For loads in PK order with 3 secondary indexes:
  • Results are similar between Arm and x86 but Arm does better for Postgres at high concurrency
  • Results are similar between DBMS at low concurrency but as server size and concurrency increases Postgres does the best and MyRocks does the worst.
For range queries with some background inserts:
  • Results are similar between Arm and x86 although results for Postgres at high concurrency are odd, especially for 16xl.44t (16xlarge, 44 threads) where QPS for c7g is bad on Arm but good on x86. Perhaps one issue is the compiler optimization flags mentioned above.
  • Postgres gets much more QPS than MySQL. One reason is that the benchmark uses prepared statements for Postgres but I have yet to make that work for MySQL. The usage of prepared statements improves Postgres QPS by ~1.25X for q100, q500 and q1000 on 16xl.22t.


For range queries with more background inserts the results below are similar to the results above.
And for range queries with even more background inserts the results here are similar to the results above.

Explaining results

For the results at low concurency (2xl.1t -> 2xlarge, 1 client/thread):
  • Results were better for x86 than for Arm.

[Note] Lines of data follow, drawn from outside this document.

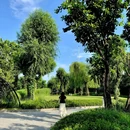 京顺园公园 - 北京市旅游 缩略图 4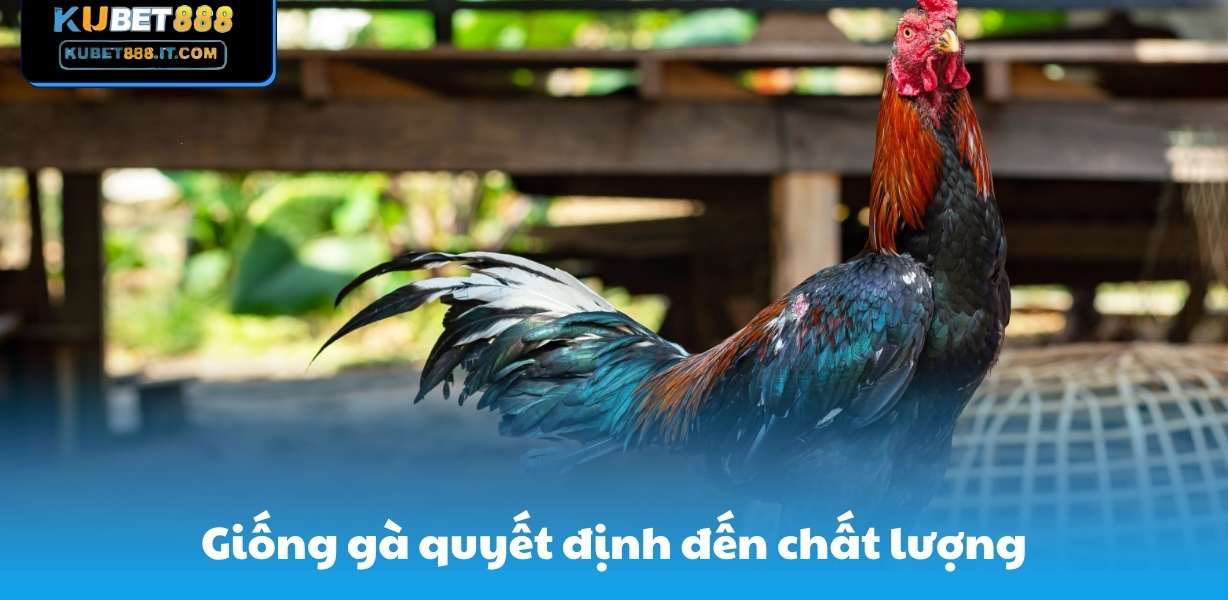 Kubet888 Giống gà quyết định đến chất lượng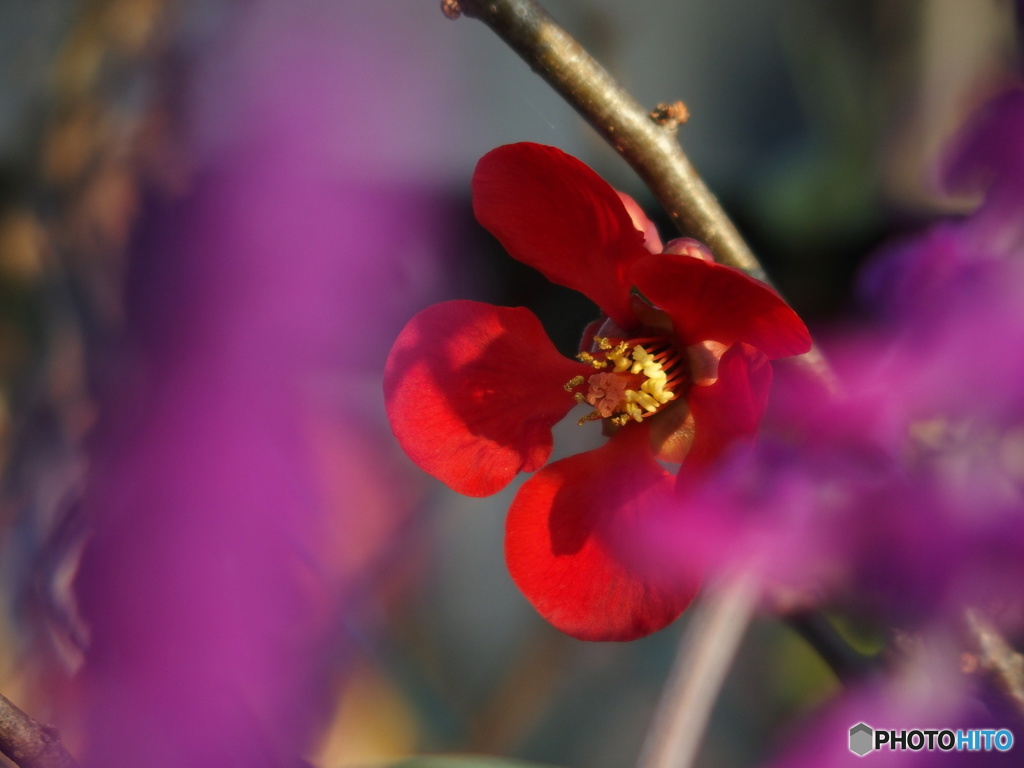 ボケが鮮やかです(^O^)/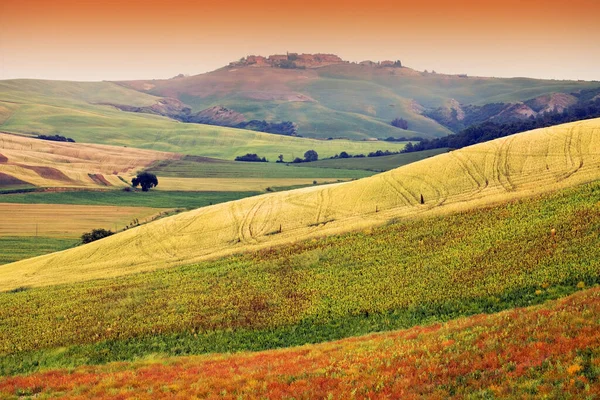 Sommerlandschaft Der Toskana Italien — Stockfoto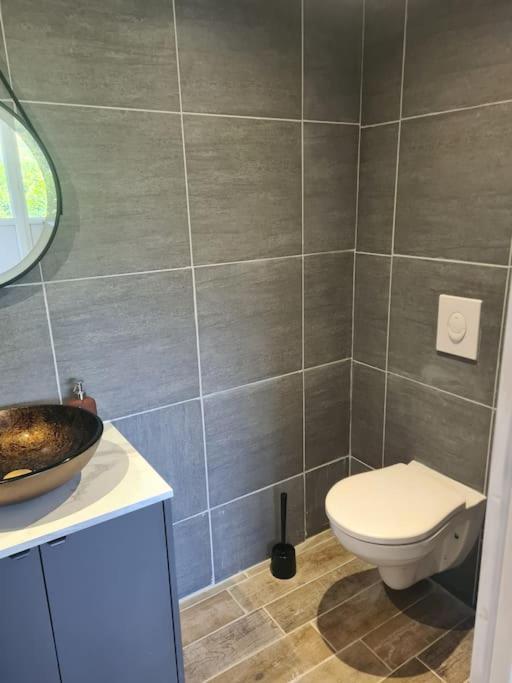 Le Chalet Des Amis Aurec-Sur-Loire Εξωτερικό φωτογραφία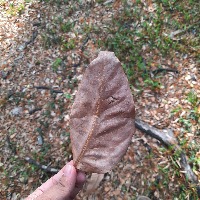 Leaf OD project thumbnail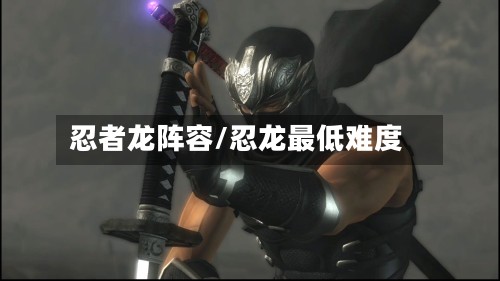 忍者龙阵容/忍龙最低难度-第3张图片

  • For l.i0 the CPU usecs/insert (cpupq) is 10 for Postgres, 11 for InnoDB and 12 for MyRocks. So Postgres has the least CPU overhead. For cpupq see here for x86 and for Arm
  • For l.i1 the CPU usecs/insert (cpupq) is 24 for Postgres, 27 for InnoDB and 38 for MyRocks. Again, Postgres has the least CPU overhead. For cpupq see here for x86 and for Arm.

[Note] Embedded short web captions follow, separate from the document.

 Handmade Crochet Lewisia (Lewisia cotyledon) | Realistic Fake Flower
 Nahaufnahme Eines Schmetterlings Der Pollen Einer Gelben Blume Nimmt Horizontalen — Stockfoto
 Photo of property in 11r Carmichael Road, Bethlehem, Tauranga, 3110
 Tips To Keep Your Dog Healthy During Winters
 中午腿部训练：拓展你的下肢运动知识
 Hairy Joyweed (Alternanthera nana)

  • For the range query with background insert tests Postgres QPS is ~2X the QPS for MyRocks and InnoDB because the CPU usecs/query (cpupq) is at least 2X larger for MySQL than for Postgres. For cpupq see here for x86 and for Arm. For the q100 benchmark step the CPU usecs/query is 53 for Postgres, 109 for InnoDB and 140 for MyRocks. One issue is that I am able to use prepared statements for Postgres but have yet to make them work, or get good results with them, for MySQL.

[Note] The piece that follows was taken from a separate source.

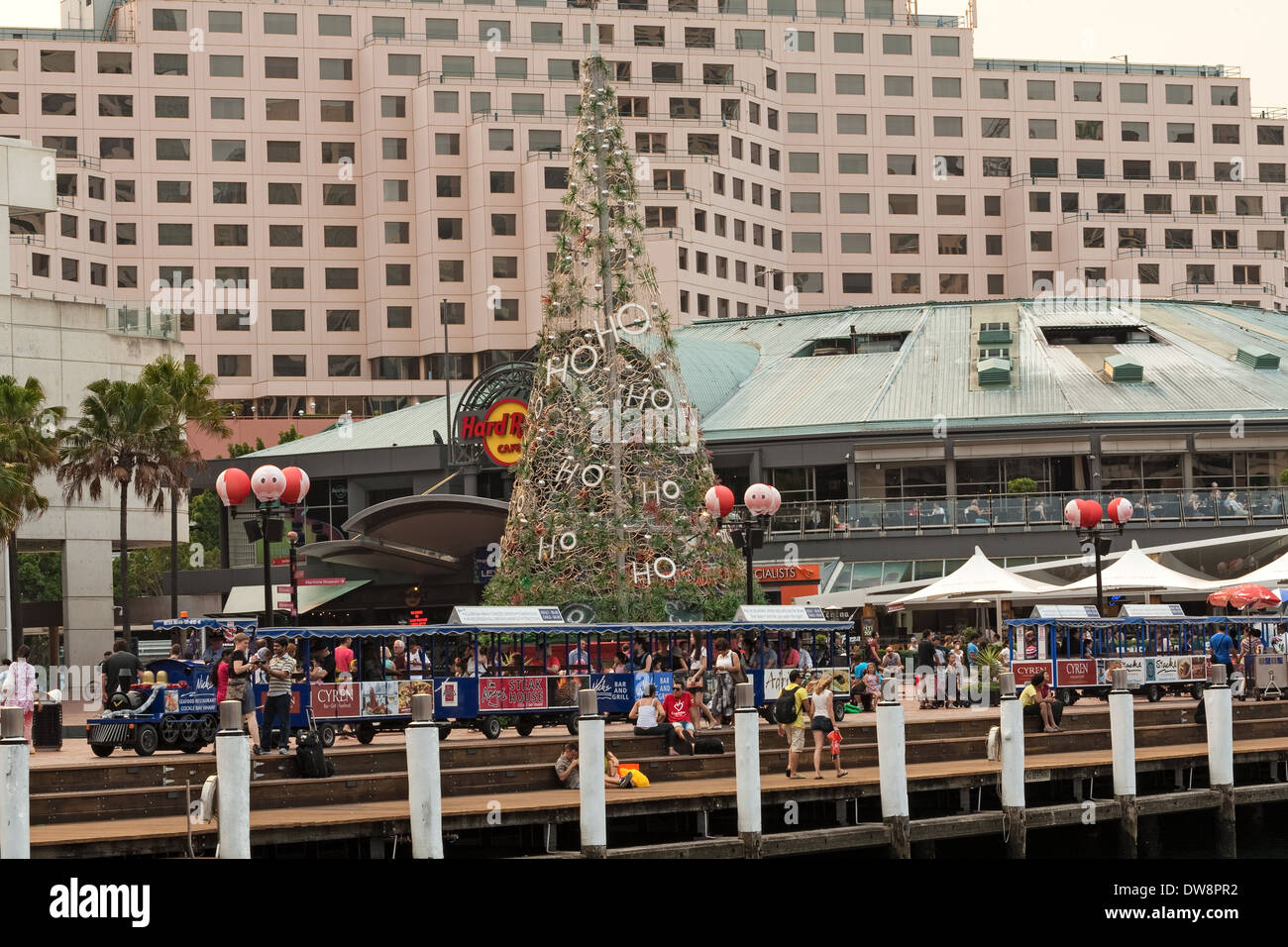 Christmas trees Cockle Bay Sydney Australia Stock Photo Alamy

For the results at medium concurrency (8xl.16t -> 8xlarge, 16 threads):
  • Arm did better than x86 for the load benchmark steps (l.i0, l.i1), but for the range query benchmark steps (q100, q500, q1000) the results for Arm and x86 were similar. While x86 did better than Arm for the 8xl.8t (8xlarge, 8 thread) test. The issue might be that CPU was oversubscribed with x86 for 8xl.16t and the load steps require CPU for background threads to persist the database state. The 8xl server has 32 cores for Arm and 16 for x86 because hyperthreading was disabled. The 8xl.16t benchmark uses 16 threads for inserts and then InnoDB needs some and MyRocks needs more background threads. 
  • For l.i0 and x86 the CPU usecs/insert is 11 for Postgres, 14 for InnoDB and 19 for MyRocks (see cpupq here). For Arm it is 13 for Postgres, 16 for InnoDB and 23 for MyRocks (see cpupq here).
  • For l.i1 and x86 the CPU usecs/insert is 27 for Postgres, 34 for InnoDB and 40 for MyRocks (see cpupq here). For Arm it is 31 for Postgres, 40 for InnoDB and 45 for MyRocks (see cpupq here). The context switch rate (which predicts mutex contention) is smallest for Postgres - see cspq (context switches/query).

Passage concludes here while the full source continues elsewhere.